Il fut un temps pas si éloigné, où dans un état démocratique, la presse représentait le contre-pouvoir par excellence. Celui qui a en charge d’interpeller les puissants, de poser des questions dérangeantes, de mettre en évidence les dysfonctionnements de la société, d’être en quelque sorte le représentant de l’esprit critique du citoyen. Aujourd’hui, tout se passe comme si le contre-pouvoir s’était mué en pouvoir : celui qui fixe l’agenda politique, lance aux gouvernants ou à tout détenteur d’une parcelle d’autorité des injonctions qui le plus souvent ne tolèrent même pas réplique et qui fixe du haut de sa légitimité autoproclamée les règles de conduite à suivre ou à proscrire.

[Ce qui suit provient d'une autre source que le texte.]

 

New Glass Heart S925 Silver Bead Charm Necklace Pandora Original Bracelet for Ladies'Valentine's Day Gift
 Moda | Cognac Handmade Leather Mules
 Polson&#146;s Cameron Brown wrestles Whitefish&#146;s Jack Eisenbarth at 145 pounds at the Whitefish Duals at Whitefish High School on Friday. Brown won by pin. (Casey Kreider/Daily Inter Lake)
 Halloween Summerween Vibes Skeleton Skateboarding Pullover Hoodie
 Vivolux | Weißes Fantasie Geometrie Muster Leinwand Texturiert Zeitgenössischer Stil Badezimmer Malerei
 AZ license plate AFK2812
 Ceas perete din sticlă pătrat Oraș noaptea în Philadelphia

Tel est aujourd’hui la pouvoir médiatique. Et cette perversion démocratique est d’autant plus inquiétante quand ces médias ne sont plus aux mains de patrons de presse mais dans celles de la finance, de la banque, de l’industrie, y compris, comme c’est le cas en France, de l’armement. On comprend mieux alors, mais le citoyen, l’ignore le plus souvent, d’où souffle le vent des invectives médiatiques. La séquence médiatique que l’on vient de vivre ici est particulièrement emblématique de ce fonctionnement. Pendant tout l’été François Hollande a été victime d’un véritable bombardement médiatique [[Voir le Blog-Notes du 23/08/12]]. Alors que le président fraîchement élu respectait peu ou prou son ordre de marche et mettait peu a peu en place les réformes promises, – il est vrai dans le temps plus lent de la politique et de l’indispensable concertation qui n’est pas celui de la frénésie médiatique –, les « Unes » de la presse française – de droite ou de gauche – étaient autant d’accusations d’impuissance, d’immobilisme, on lisait même de « nullité ». Le chef de l’état ainsi assiégé accélérait-il le rythme qu’on lui reprochait alors de tomber dans la précipitation sarkozyste.

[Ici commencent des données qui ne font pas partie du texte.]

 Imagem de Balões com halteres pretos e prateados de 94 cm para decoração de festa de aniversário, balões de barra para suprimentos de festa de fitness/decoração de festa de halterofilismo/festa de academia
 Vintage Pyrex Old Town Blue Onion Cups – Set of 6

Tout, tout et le contraire de tout était donc bon pour alimenter ce qu’on appelle le « Hollande-bashing », le dénigrement systématique. Et enfin, le président s’adressait-il dimanche dernier à la télévision pour rappeler un cap essentiel martelé durant sa campagne, celui de la réduction drastique du déficit public d’ici 2013, que les commentateurs s’exclamaient : « il a enfin pris la mesure de la crise » même si aussitôt après les critiques fusaient à nouveau. Car, et c’est mon cas, on peut juger erronée, inadaptée ou dangereuse cette austérité qui ne dit pas son nom et qui risque de compromettre toute relance. Mais cette philosophie-là était bien celle annoncée avec conviction par le candidat Hollande. Il y a décidément un côté surréaliste dans ces déchainements médiatiques à contretemps et troubles dans leurs objectifs.